Uma das maiores dúvidas de quem financia um imóvel é justamente o prazo do contrato. Não é raro ouvir alguém dizer que vai passar 30 ou 35 anos pagando pela casa própria e, por causa disso, desistir do financiamento antes mesmo de entender como ele realmente funciona.
O que muita gente não sabe é que o prazo contratado não precisa ser o prazo que você levará para quitar o imóvel.
Existe uma ferramenta chamada amortização, que permite reduzir o saldo devedor antes do previsto. Na prática, isso significa diminuir a dívida sobre a qual os juros são calculados e, consequentemente, pagar menos juros ao longo do financiamento. É justamente aqui que muitas pessoas se confundem.
Amortizar não significa simplesmente adiantar parcelas. Quando você faz uma amortização, o valor pago é abatido diretamente do saldo devedor. Como os juros incidem sobre esse saldo, quanto menor for a dívida, menor também será o valor dos juros cobrados dali em diante. Parece um detalhe técnico, mas faz uma enorme diferença no resultado final.
Imagine uma pessoa que contratou um financiamento pelo prazo máximo de 35 anos. Se ela utilizar recursos extras para amortizar a dívida ao longo do tempo, poderá quitar o imóvel muitos anos antes do previsto e economizar uma quantia expressiva em juros.
É por isso que o prazo máximo do contrato não deve ser confundido com o tempo que você realmente ficará pagando o financiamento. Na prática, muitas famílias escolhem um prazo maior para reduzir o valor da prestação e manter o orçamento mais confortável. Depois, conforme a renda aumenta ou surgem recursos extras, começam a fazer amortizações e antecipam a quitação da dívida.
Mas de onde pode vir esse dinheiro?
Na maioria das vezes, da própria organização financeira. O décimo terceiro salário, férias remuneradas, bônus, comissões, participação nos lucros ou até mesmo uma renda extra podem ser utilizados para reduzir o saldo devedor. Além disso, em diversas situações previstas na legislação, o FGTS também pode ser usado para amortizar ou quitar parte do financiamento, desde que sejam atendidos os requisitos estabelecidos para sua utilização.
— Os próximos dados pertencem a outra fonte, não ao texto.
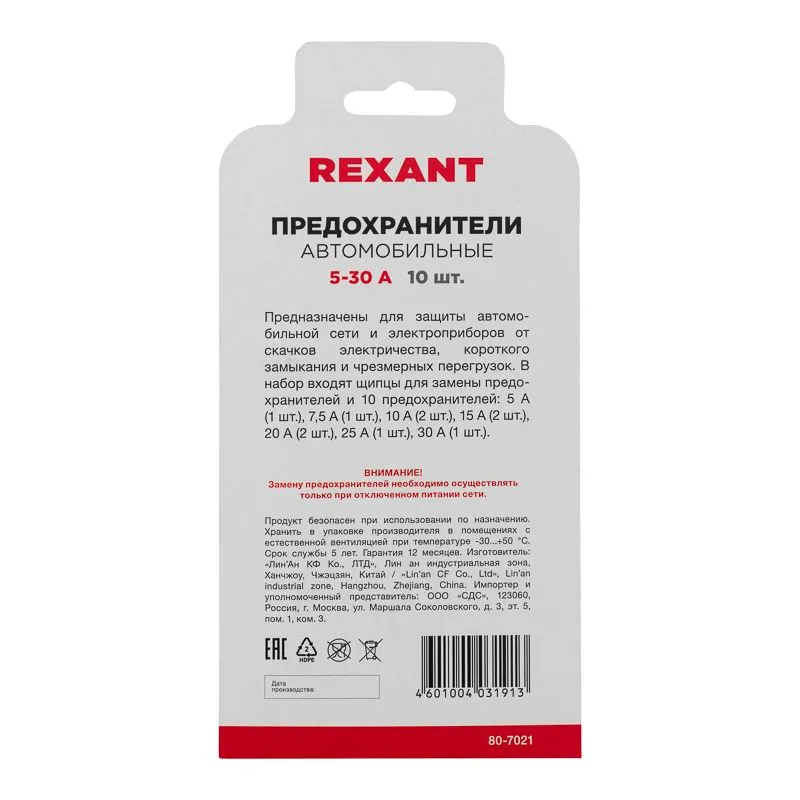 Набор автомобильных предохранителей Мини, в блистере REXANT - Фото 3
Outro ponto importante é que a amortização permite estratégias diferentes. O comprador pode optar por reduzir o valor das parcelas e manter o mesmo prazo do contrato ou manter praticamente o valor da prestação e reduzir o tempo de financiamento. Na maioria dos casos, diminuir o prazo costuma gerar uma economia maior em juros, mas essa decisão deve considerar a realidade financeira e os objetivos de cada família.
Isso mostra que o financiamento imobiliário não é um compromisso engessado. Ele pode ser administrado ao longo dos anos e adaptado conforme a situação financeira do comprador muda.
É claro que amortizar nunca deve comprometer a reserva de emergência. Antes de direcionar todo o dinheiro disponível para reduzir a dívida, é fundamental garantir que exista uma proteção financeira para imprevistos. Afinal, quitar o imóvel mais cedo é importante, mas enfrentar uma emergência sem recursos pode gerar um problema ainda maior. Por isso, a amortização deve fazer parte de um planejamento financeiro, e não de uma decisão tomada por impulso.
Aqui na Dias Negócios Imobiliários, acreditamos que a consultoria não termina quando o financiamento é aprovado. Também orientamos nossos clientes sobre como administrar esse compromisso ao longo dos anos, mostrando estratégias que podem reduzir o tempo da dívida e gerar uma economia significativa em juros.
Conseguir a aprovação do crédito é apenas o começo. Saber utilizar ferramentas como a amortização é o que transforma um financiamento em uma decisão financeira mais inteligente.
Quem entende como funciona a amortização descobre que o financiamento não precisa durar 35 anos. Com planejamento e disciplina, é possível antecipar a quitação, economizar milhares de reais em juros e conquistar a casa própria muito antes do que muita gente imagina.